[Opening Input material section]

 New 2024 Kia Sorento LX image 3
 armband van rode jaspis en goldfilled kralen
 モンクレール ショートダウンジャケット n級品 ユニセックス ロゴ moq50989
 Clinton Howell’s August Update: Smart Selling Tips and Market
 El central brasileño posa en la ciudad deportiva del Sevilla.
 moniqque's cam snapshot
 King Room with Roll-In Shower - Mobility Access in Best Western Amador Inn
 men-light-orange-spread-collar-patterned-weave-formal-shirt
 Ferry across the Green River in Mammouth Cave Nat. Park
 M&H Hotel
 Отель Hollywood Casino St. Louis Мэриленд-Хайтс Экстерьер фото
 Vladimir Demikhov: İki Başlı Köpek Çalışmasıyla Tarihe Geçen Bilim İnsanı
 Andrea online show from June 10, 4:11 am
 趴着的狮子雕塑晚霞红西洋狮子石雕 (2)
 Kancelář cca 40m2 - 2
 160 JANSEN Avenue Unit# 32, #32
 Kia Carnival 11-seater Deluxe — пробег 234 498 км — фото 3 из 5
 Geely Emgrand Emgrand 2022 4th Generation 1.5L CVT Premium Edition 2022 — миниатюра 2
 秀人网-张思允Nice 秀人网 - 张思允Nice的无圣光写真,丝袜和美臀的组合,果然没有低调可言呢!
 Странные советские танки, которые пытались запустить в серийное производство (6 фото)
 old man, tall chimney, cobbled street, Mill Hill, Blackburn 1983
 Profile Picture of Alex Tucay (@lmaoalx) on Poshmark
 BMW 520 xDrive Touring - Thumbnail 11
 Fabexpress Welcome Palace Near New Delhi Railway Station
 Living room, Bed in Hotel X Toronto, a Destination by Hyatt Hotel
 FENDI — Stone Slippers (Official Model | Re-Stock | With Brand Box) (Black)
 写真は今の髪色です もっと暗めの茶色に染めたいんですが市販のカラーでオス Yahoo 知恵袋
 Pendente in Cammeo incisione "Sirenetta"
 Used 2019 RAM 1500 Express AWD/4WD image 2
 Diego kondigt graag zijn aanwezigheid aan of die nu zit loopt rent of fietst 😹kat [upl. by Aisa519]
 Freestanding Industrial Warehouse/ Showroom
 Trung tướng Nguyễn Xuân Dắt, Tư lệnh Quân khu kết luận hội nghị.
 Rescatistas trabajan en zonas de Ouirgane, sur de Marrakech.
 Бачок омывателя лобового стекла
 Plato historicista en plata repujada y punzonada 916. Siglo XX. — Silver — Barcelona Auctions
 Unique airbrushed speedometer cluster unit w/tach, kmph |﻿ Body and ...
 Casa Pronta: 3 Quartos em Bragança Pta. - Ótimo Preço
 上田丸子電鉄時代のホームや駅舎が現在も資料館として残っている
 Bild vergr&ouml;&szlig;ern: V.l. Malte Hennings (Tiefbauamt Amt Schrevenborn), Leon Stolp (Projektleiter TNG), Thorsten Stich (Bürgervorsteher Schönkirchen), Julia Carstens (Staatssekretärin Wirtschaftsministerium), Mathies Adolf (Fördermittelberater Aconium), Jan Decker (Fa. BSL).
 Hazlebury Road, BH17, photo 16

[Closing Input material section]

-- Problem --
Set every record down word for word, omitting none.

-- Answer to the exercise --
 New 2024 Kia Sorento LX image 3
 armband van rode jaspis en goldfilled kralen
 モンクレール ショートダウンジャケット n級品 ユニセックス ロゴ moq50989
 Clinton Howell’s August Update: Smart Selling Tips and Market
 El central brasileño posa en la ciudad deportiva del Sevilla.
 moniqque's cam snapshot
 King Room with Roll-In Shower - Mobility Access in Best Western Amador Inn
 men-light-orange-spread-collar-patterned-weave-formal-shirt
 Ferry across the Green River in Mammouth Cave Nat. Park
 M&H Hotel
 Отель Hollywood Casino St. Louis Мэриленд-Хайтс Экстерьер фото
 Vladimir Demikhov: İki Başlı Köpek Çalışmasıyla Tarihe Geçen Bilim İnsanı
 Andrea online show from June 10, 4:11 am
 趴着的狮子雕塑晚霞红西洋狮子石雕 (2)
 Kancelář cca 40m2 - 2
 160 JANSEN Avenue Unit# 32, #32
 Kia Carnival 11-seater Deluxe — пробег 234 498 км — фото 3 из 5
 Geely Emgrand Emgrand 2022 4th Generation 1.5L CVT Premium Edition 2022 — миниатюра 2
 秀人网-张思允Nice 秀人网 - 张思允Nice的无圣光写真,丝袜和美臀的组合,果然没有低调可言呢!
 Странные советские танки, которые пытались запустить в серийное производство (6 фото)
 old man, tall chimney, cobbled street, Mill Hill, Blackburn 1983
 Profile Picture of Alex Tucay (@lmaoalx) on Poshmark
 BMW 520 xDrive Touring - Thumbnail 11
 Fabexpress Welcome Palace Near New Delhi Railway Station
 Living room, Bed in Hotel X Toronto, a Destination by Hyatt Hotel
 FENDI — Stone Slippers (Official Model | Re-Stock | With Brand Box) (Black)
 写真は今の髪色です もっと暗めの茶色に染めたいんですが市販のカラーでオス Yahoo 知恵袋
 Pendente in Cammeo incisione "Sirenetta"
 Used 2019 RAM 1500 Express AWD/4WD image 2
 Diego kondigt graag zijn aanwezigheid aan of die nu zit loopt rent of fietst 😹kat [upl. by Aisa519]
 Freestanding Industrial Warehouse/ Showroom
 Trung tướng Nguyễn Xuân Dắt, Tư lệnh Quân khu kết luận hội nghị.
 Rescatistas trabajan en zonas de Ouirgane, sur de Marrakech.
 Бачок омывателя лобового стекла
 Plato historicista en plata repujada y punzonada 916. Siglo XX. — Silver — Barcelona Auctions
 Unique airbrushed speedometer cluster unit w/tach, kmph |﻿ Body and ...
 Casa Pronta: 3 Quartos em Bragança Pta. - Ótimo Preço
 上田丸子電鉄時代のホームや駅舎が現在も資料館として残っている
 Bild vergr&ouml;&szlig;ern: V.l. Malte Hennings (Tiefbauamt Amt Schrevenborn), Leon Stolp (Projektleiter TNG), Thorsten Stich (Bürgervorsteher Schönkirchen), Julia Carstens (Staatssekretärin Wirtschaftsministerium), Mathies Adolf (Fördermittelberater Aconium), Jan Decker (Fa. BSL).
 Hazlebury Road, BH17, photo 16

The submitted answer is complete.